You see, the job isn't over when you get to the point of writing "The End" at the bottom of the last page. When you get that far you've only completed what I've seen some pro writers call the Draft Zero stage. Your first complete draft of the story. After that you have to make editing passes, spell check over and over again, grammar checks, look for awkward phrases and such. That process gives you a real first draft. Then you are ready to start rewrites and cuts. Cutting out some of your deathless prose isn't easy, but it becomes necessary. I recommend reading Seanan's articles on writing over in our Features section. She's absolutely right about the "kill your darlings" stage of making cuts to your text. She's not the only one that I've been earning things from. I've been reading Lilith Saint Crow's blog posts on writing, Cherie Priest's blog, Eugie Foster's blog, Seanan's blog- all of those are over on Live Journal. I've also been clicking links to loads of other blogs and websites all over the Internet, wherever a writer points me towards. Our own Nate Kailhofer has been a great help over the last few years. As have Jeff Williams, Wishbone, and all the writers who post critiques and comments over in the Forums section. What all that reading and researching boils down to is that the editing of a manuscript is just as important, and sometimes even harder than the actual composing of the story. First drafts, unless you're some way famous big name pro, don't usually sell.

So let's say you've got your real First Draft now. What comes next? Next you send that puppy off to your First Reader. Someone who can not only spot the flaws, but who is willing to give you honest and detailed criticism. Painfully honest and detailed criticism, because someone who reads the story through and then tells you "that's great" isn't doing enough for you as a writer. No, you need someone who will point out continuity errors, run-on sentences, places where you've repeated words too often, and places where you lose the reader. So when you get your reply from your First Reader, you dive back into the text and fix those flaws. More editing, more rewrites, more cuts, more, more more... And then you're still not done.
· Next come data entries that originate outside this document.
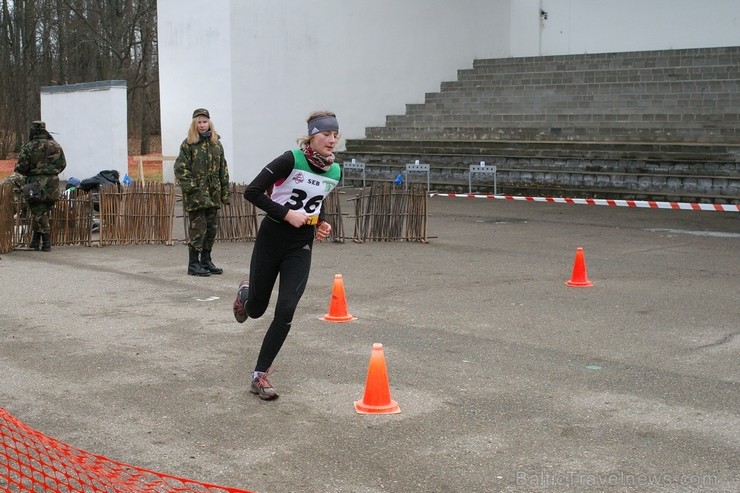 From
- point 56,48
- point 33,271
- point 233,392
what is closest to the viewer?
point 233,392

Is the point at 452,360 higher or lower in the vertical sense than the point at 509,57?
lower

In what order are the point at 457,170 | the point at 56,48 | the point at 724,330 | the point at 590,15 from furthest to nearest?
the point at 56,48 < the point at 590,15 < the point at 457,170 < the point at 724,330

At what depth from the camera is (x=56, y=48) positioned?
4931 cm

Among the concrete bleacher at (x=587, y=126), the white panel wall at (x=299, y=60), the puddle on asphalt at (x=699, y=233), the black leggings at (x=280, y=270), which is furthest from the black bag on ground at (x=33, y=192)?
the concrete bleacher at (x=587, y=126)

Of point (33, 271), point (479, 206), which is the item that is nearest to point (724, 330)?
point (33, 271)

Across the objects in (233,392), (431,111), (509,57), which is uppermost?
(509,57)

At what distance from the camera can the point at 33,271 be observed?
1188 centimetres

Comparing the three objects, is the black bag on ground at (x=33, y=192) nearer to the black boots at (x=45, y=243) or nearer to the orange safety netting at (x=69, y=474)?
the black boots at (x=45, y=243)

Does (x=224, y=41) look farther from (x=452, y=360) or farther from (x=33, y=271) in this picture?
(x=452, y=360)

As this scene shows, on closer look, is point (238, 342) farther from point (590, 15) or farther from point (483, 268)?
point (590, 15)

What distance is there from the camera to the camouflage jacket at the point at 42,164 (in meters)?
13.3

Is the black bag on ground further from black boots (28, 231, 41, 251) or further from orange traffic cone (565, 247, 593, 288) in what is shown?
orange traffic cone (565, 247, 593, 288)

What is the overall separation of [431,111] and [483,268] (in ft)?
60.0

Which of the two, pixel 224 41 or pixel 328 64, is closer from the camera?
pixel 224 41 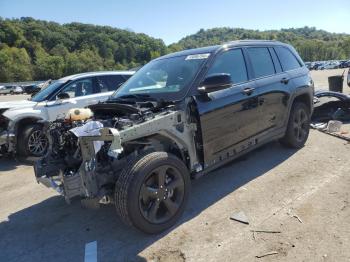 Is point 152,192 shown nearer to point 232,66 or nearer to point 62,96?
point 232,66

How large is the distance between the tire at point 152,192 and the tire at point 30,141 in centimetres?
424

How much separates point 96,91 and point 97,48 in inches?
4756

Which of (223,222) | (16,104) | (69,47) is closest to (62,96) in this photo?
(16,104)

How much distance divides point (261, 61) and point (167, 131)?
237 cm

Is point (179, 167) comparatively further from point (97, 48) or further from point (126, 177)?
point (97, 48)

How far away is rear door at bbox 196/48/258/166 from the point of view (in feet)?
14.2

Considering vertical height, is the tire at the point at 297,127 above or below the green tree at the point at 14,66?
below

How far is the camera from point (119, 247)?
141 inches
No. But you will have a Second Draft.

Your Second draft might be the point where you send it off to your agent. Rest assured that your agent will point out even more changes you need to make. That brings you up to Third Draft stage. Maybe the Third Draft is what your agent sends to a publisher. Said publisher will most likely ask for further changes.

I forget who it was that said most manuscripts go through an average of four complete drafts before they reach a state where they can be sold to a publisher. It might have been in one of Eugie Foster's blog posts, or it might have been in one of Lilith Saint Crow's- Maybe even in both. I do know that by the time you're ready to send a version to a publisher, you're really tired of reading and editing the thing. If your manuscript sells, before it finally reaches the bookstore shelves you'll get one last chance to clean it up yet again. The Galley Proofs if I remember the term correctly. This will be your last chance to fix any problems that still remain. After that, the readers will get their hands on it. At that point you might just find out things that everyone else missed. The most famous glaring error I can remember was from Larry Niven's first edition of Ringworld. If you own one of those first editions, it's worth a small fortune. You see, Larry and everyone else concerned with putting that hardback book on the shelves in a store missed one little thing. One little error, right there in the first chapter. Larry started the story with his hero at his own 200th birthday party. In order to make his birthday last longer than just one day, Larry had the hero leave the party and use a teleport booth to jump around the world, trying to stay ahead of the sunset. The hero teleported to city after city after city. But Larry had written the list of cities backwards. He had the Earth rotating in the wrong direction. And no one caught the mistake until after the first edition hit the stores! The second edition came out a little later, with that little error corrected.

There are other ways an error can creep into a book. Recently Pat Elrod got a special, limited edition book published in her Vampire Files series. All well and good, except for one little thing. Someone in the typesetting department at the publisher evidentially was a huge Tolkien fan. That's right, you guessed it. The first 500 copies had a typo on the spine of the book. The book cover was perfect. But on the spine of these 500 numbered, autographed, limited edition books? Pat Elrod's name was spelled "Elrond". She let that pass, knowing that the typo increased the book's collector value, but the second run had her name correctly spelled.

Writing is hard work. Editing is hard work. Sometimes it seems like the job never ends. Keep at it, though. It is worth it, in the end.